The survey further revealed that only a little over half of employers had a separate fund for end-of-service benefits in place. While these employers had created a separate fund for end-of-service benefits, 8 out of 10 employers in this group had dipped into these funds when struggling to make salary payments. 6 out of 10 employees reported concerns over whether their salaries would be paid out on time, further emphasizing the importance of managing end-of-service benefit funds separately.  

The study identified the talent pool is quite dynamic and had access to several work opportunities with more than 50 percent of the surveyed employees have shifted jobs in the past two years. This emphasizes that employers need to invest more in their own employees to retain them and become an employer of choice.

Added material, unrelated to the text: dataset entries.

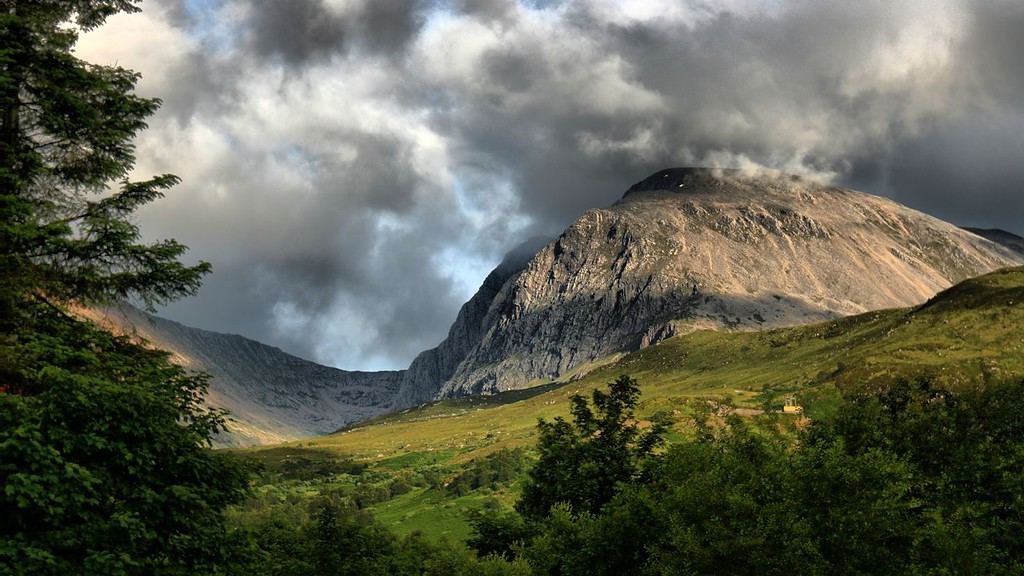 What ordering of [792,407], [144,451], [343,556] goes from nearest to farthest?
[144,451]
[343,556]
[792,407]

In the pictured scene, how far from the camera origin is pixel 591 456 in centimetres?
6469

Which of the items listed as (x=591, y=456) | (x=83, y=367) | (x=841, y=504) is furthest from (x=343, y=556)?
(x=83, y=367)

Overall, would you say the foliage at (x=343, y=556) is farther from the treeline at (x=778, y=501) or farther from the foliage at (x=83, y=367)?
the foliage at (x=83, y=367)

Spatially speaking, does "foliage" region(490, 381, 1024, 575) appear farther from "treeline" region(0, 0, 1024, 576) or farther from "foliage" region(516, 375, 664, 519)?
"foliage" region(516, 375, 664, 519)

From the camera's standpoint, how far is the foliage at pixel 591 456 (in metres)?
63.5

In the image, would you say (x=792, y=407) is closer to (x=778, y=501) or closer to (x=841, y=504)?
(x=778, y=501)

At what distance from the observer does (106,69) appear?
28.6m

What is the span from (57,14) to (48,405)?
613 inches

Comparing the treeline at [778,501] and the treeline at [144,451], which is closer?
the treeline at [144,451]

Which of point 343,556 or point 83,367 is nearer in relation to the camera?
point 83,367

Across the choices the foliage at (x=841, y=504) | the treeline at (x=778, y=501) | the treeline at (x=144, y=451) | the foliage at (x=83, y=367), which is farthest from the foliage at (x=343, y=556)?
the foliage at (x=83, y=367)

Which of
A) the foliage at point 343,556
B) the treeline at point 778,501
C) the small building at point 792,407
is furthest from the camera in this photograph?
the small building at point 792,407

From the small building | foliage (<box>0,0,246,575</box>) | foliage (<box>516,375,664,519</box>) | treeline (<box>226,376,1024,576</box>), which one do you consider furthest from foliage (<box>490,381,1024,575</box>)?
the small building

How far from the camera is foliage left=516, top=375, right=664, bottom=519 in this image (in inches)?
2500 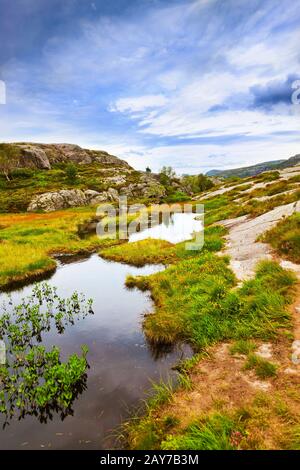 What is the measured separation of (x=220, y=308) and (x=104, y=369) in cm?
514

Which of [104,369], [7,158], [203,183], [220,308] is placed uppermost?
[7,158]

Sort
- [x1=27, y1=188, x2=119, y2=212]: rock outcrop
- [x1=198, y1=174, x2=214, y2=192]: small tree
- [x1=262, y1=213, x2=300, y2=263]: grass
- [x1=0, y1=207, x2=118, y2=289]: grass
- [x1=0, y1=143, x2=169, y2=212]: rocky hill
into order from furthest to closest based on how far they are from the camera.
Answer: [x1=198, y1=174, x2=214, y2=192]: small tree < [x1=0, y1=143, x2=169, y2=212]: rocky hill < [x1=27, y1=188, x2=119, y2=212]: rock outcrop < [x1=0, y1=207, x2=118, y2=289]: grass < [x1=262, y1=213, x2=300, y2=263]: grass

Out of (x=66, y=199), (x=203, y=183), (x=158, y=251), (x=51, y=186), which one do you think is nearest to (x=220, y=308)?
(x=158, y=251)

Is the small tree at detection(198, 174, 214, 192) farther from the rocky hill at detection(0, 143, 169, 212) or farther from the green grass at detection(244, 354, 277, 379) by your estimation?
the green grass at detection(244, 354, 277, 379)

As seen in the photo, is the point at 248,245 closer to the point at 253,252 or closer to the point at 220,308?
the point at 253,252

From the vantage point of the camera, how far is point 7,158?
464 ft

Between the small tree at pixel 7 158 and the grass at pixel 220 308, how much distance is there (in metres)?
135

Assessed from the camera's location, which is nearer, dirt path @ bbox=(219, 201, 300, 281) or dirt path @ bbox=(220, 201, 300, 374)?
dirt path @ bbox=(220, 201, 300, 374)

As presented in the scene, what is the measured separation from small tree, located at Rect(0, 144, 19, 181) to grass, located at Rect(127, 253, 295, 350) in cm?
13462

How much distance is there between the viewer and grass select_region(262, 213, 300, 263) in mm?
15647

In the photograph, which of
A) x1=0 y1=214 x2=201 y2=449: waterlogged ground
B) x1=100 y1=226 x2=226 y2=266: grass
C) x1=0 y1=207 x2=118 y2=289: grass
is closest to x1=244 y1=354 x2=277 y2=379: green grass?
x1=0 y1=214 x2=201 y2=449: waterlogged ground

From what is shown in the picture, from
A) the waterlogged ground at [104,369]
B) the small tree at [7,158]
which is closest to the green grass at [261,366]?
the waterlogged ground at [104,369]

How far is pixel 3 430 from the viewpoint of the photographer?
27.3 feet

Regarding life insurance, a third of respondents stated the topic had come up in negotiations on benefits with prospective employees. When it comes to communicating insurance benefits to employees, only around a quarter of employers send out an annual reminder on life insurance to their employees, demonstrating a lack of communication around benefits and an opportunity for organizations and businesses to show their commitment to protecting their employees. In the case of pension contributions, the survey showed that very few employers provide it as an employee benefit, suggesting that employers need to do more to protect their employees’ financial future. In terms of financial education, almost 6 out of 10 employers stated that they plan to provide financial wellness support to their employees.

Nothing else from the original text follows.